BBC News business reporter Robert Plummer was the BBC's correspondent in Chile 10 years ago. In this analysis, he looks at Augusto Pinochet's legacy and its impact on the Chilean economy.
Many Chileans felt sadness at the death of their former military ruler
It was a member of Chile's board of film censors who first brought home to me how long a shadow General Pinochet had cast over his country.
The year was 1996 and I was interviewing him about the board's unexpected decision to reverse its ban on Martin Scorsese's controversial film, The Last Temptation of Christ.
The movie still failed to reach Chile's cinemas, because the following year, a right-wing pressure group successfully petitioned the High Court to prohibit its screening.
The whole episode speaks volumes about Chile's continuing social conservatism, which sets it at odds temperamentally with many of its South American neighbours.
But it was what my interviewee said once the microphone was switched off that has remained with me to this day.
He said that the 1973 coup by Gen Pinochet, who was still commander-in-chief of the Chilean army at the time of our conversation, had been necessary as "a massive antibiotic" for Chile.
Like the faces of Pinochet supporters on Chilean television weeping for the death of their former military ruler, it's a reminder that many people in Chile see the ex-general as the man who saved their country from a great sickness.
Of course, relatives of the more than 3,000 people who were killed or "disappeared" during his 17-year rule will angrily attest that from their point of view, the cure was far worse than the disease.
Gen Pinochet celebrated his 91st birthday last month
Although Gen Pinochet leaves Chilean society politically polarised, his economic legacy is arguably a more fortunate one.
Unlike many other military regimes in Latin America, the general's rule was marked by wide-ranging economic liberalisation, including a wave of privatisations.
This "free-market fascism", as some called it, undoubtedly brought social costs in its wake, including a big rise in unemployment and an erosion of workers' purchasing power.
But it also curbed Chile's rampant inflation, slashing rates from 1,000% a year to about 10%.
The reforms were continued and deepened by the centre-left Concertacion, the coalition that has governed Chile since it returned to democracy in 1990.
Apart from a dip in 1998 and 1999, when the so-called "Asian contagion" sparked a worldwide financial crisis, Chile has enjoyed healthy growth rates in recent years, ranging from 5% to 7%.
Chile's pension revolution was a quieter affair
Last year, according to the International Monetary Fund, it had the second-highest GDP per head in Latin America ($7,124) and is likely to have overtaken Mexico once this year's figures are finalised.
Chile has also had some success in reducing rates of poverty.
In 1987, 46% of the population were defined as having incomes below the poverty line, but by 2003, that had shrunk to about 19%.
The country's performance has led observers to see it as South America's tiger economy, outperforming sluggish Brazil and crisis-prone Argentina.
Even so, supporters and opponents of Pinochet argue fiercely over how much credit he should receive for the country's subsequent economic boom.
Whatever your views on that, there are two notable features of Chile's economic landscape that clearly have their roots in the years of military rule.
One is the country's widely-admired private sector pension system, which was introduced in 1981.
Under this system, all workers pay 10% of their salary into one of a number of privately-managed funds, known as AFPs.
Copper is Chile's main export
The other is more controversial and has long been opposed by Concertacion leaders.
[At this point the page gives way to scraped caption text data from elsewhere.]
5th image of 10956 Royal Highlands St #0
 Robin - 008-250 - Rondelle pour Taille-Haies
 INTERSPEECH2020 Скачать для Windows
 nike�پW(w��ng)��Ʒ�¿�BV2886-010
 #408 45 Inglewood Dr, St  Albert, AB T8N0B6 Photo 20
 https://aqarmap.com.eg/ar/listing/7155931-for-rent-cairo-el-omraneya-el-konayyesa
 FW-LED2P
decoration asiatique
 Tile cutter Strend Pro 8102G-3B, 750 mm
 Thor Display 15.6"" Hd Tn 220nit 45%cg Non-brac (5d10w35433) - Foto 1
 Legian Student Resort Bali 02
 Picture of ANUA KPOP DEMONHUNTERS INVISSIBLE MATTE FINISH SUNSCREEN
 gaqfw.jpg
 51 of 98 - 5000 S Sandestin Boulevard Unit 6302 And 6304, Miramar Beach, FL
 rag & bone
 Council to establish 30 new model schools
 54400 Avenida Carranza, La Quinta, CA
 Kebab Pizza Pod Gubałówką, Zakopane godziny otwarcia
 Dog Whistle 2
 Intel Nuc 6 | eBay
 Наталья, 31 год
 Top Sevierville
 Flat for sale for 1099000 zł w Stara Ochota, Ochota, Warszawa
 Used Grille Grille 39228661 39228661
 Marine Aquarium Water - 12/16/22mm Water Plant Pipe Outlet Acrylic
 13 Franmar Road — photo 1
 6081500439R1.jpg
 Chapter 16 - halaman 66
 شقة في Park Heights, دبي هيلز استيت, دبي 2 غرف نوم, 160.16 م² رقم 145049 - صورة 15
Under a 1987 law, the Chilean armed forces are entitled to 10% of the earnings of the state-owned copper company, Codelco.
This money is divided equally between the army, navy and air force and is used to buy weapons. It is not subject to any government scrutiny.
As world copper prices have soared, Codelco - the world's biggest copper miner - has seen the value of its exports rise from $40.6bn last year to a projected $58.1bn for 2006.
As a result, the armed forces' share of the proceeds could top $1bn for the first time this year, increasing the government's determination to end the subsidy and fund the military on a more transparent basis.